Le parti UPD-Zigamibanga a été gravement frappé par la répression en cours au Burundi depuis le déclenchement de la crise politique née de la troisième candidature de Pierre NKURUNZIZA en 2015. Le président du parti, Zedi FERUZI a été assassiné le 23 mai 2015 par des éléments de la garde présidentielle selon un rapport du FOCODE[1]. Moins de quatre mois plus tard, le porte-parole du parti, Patrice GAHUNGU, a été abattu tout près de sa résidence alors qu’il rentrait le soir du 7 septembre 2015. La disparition de Léopold HABARUGIRA, cadre du même parti, s’inscrit donc dans une longue série d’élimination d’opposants au troisième mandat de Pierre NKURUNZIZA. Selon des sources, Léopold HABARUGIRA aura payé cher sa fidélité à Hussein RADJABU, l’ancien homme fort du parti au pouvoir, le CNDD-FDD.

A. Identité de la victime

  1. Fils de Léopold HABARUGIRA[2] et de Joséphine MUKANKUSI, Léopold HABARUGIRA est né en 1963 au quartier Twinyoni, zone urbaine de Kamenge, au nord de la ville de Bujumbura. Marié à Libérate NZITONDA (ancienne sénatrice 2005-2010), Léopold HABARUGIRA est père de cinq enfants. Il résidait à Mutanga Sud au centre-nord de la ville de Bujumbura.
  1. Léopold HABARUGIRA est un homme d’affaires connu. Il s’occupait particulièrement de l’importation des véhicules et se rendait souvent en Tanzanie pour la réception et le transport de nouveaux véhicules. Il a été enlevé trois jours seulement après son retour du dernier voyage en Tanzanie. Ses affaires s’étendaient à plusieurs autres domaines du commerce.

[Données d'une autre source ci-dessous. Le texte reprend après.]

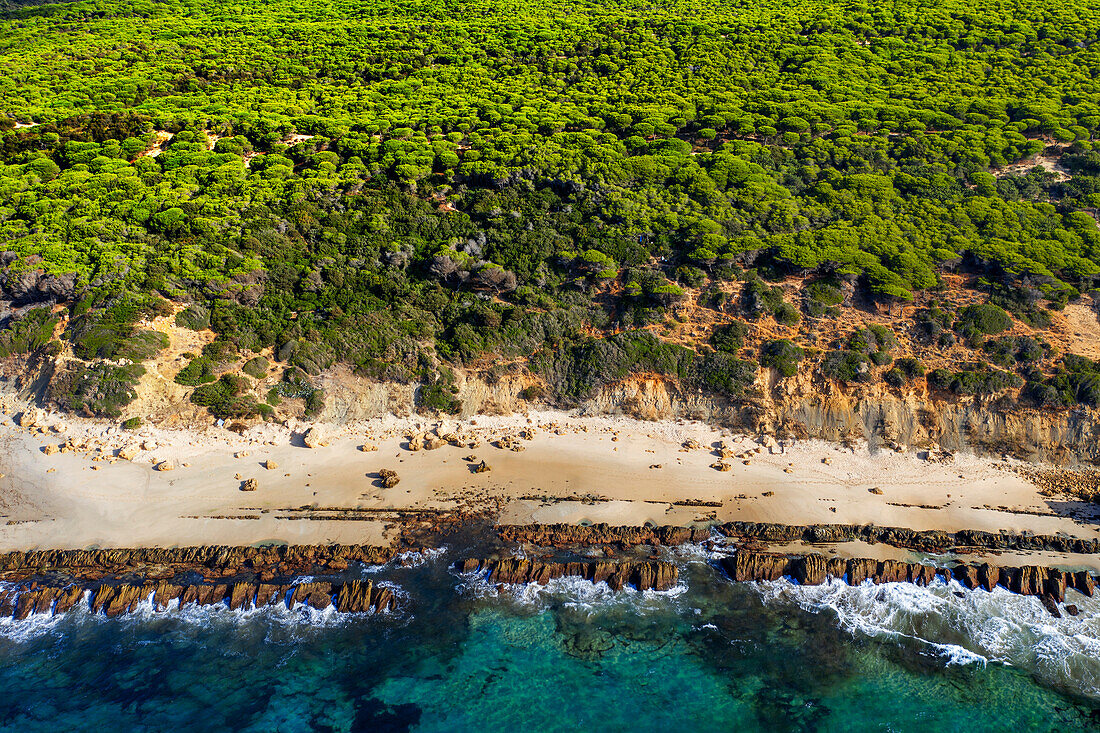 Luftaufnahme der Naturschwimmbecken von Bolonia, Bolonia, Costa de la Luz, Provinz Cádiz, Andalusien, Südspanien. Strand von Bolonia. Playa de Bolonia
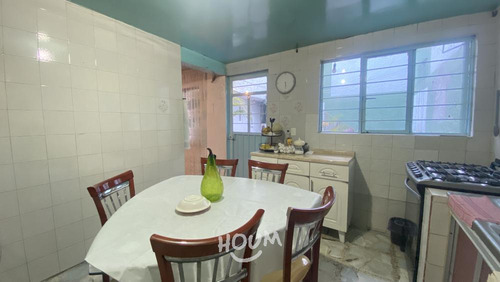 Casa En Gertrudis Sánchez Ii Sección, Gustavo A. Madero Con 6 Recámaras, 149 M², Id: 142499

B. Appartenance politique : l’homme qui protégeait les enfants de Pierre NKURUNZIZA, l’homme d’Hussein RADJABU

  1. Sur le plan politique, Léopold HABARUGIRA n’était pas connu du public, il n’était jamais sur les media. Mais, dans l’ombre, il était politiquement très engagé. Au moment de sa disparition, il était un cadre du parti de l’opposition dénommé Union pour la Paix et la Démocratie, UPD-Zigamibanga. Comme preuve de son influence, les deux ailes de l’UPD-Zigamibanga ont toutes communiqué sur sa disparition et l’ont reconnu comme un membre de leur bureau exécutif.
  1. Avant l’UPD-Zigamibanga, Léopold HABARUGIRA était surtout un militant engagé du parti CNDD-FDD. Il avait fortement financé la rébellion et après la victoire du parti aux élections de 2005, il a offert sa parcelle pour la construction de la permanence nationale du parti. Jusqu’au moment de sa disparition, il n’y avait pas encore de transfert de propriété sur cette parcelle, théoriquement la permanence nationale du CNDD-FDD est érigée sur la propriété de Léopold HABARUGIRA. Cet engagement politique s’étend d’ailleurs à la famille puisque son épouse, Libérate NZITONDA a été sénatrice de 2005 à 2010, pour le compte du CNDD-FDD.
  1. Dans son engagement politique, Léopold HABARUGIRA a été très proche des deux leaders de la rébellion du CNDD-FDD : Pierre NKURUNZIZA et Hussein RADJABU. Selon ses proches, Léopold HABARUGIRA a été chargé de cacher les enfants de Pierre NKURUNZIZA, Kevin et Kelly, durant la rébellion. A certains moments, il aurait contribué à la survie de toute la famille du leader du CNDD-FDD.
  1. Léopold HABARUGIRA était davantage proche de l’ancien président du CNDD-FDD Hussein RADJABU. Jusqu’à sa disparition, il aurait été soupçonné d’une part de continuer à fructifier les affaires de RADJABU et, d’autre part, de servir d’agent de liaison entre RADJABU et ses militants restés au pays. Selon des sources, il aurait gardé chez lui l’aigle[3] d’Hussein RADJABU après son emprisonnement.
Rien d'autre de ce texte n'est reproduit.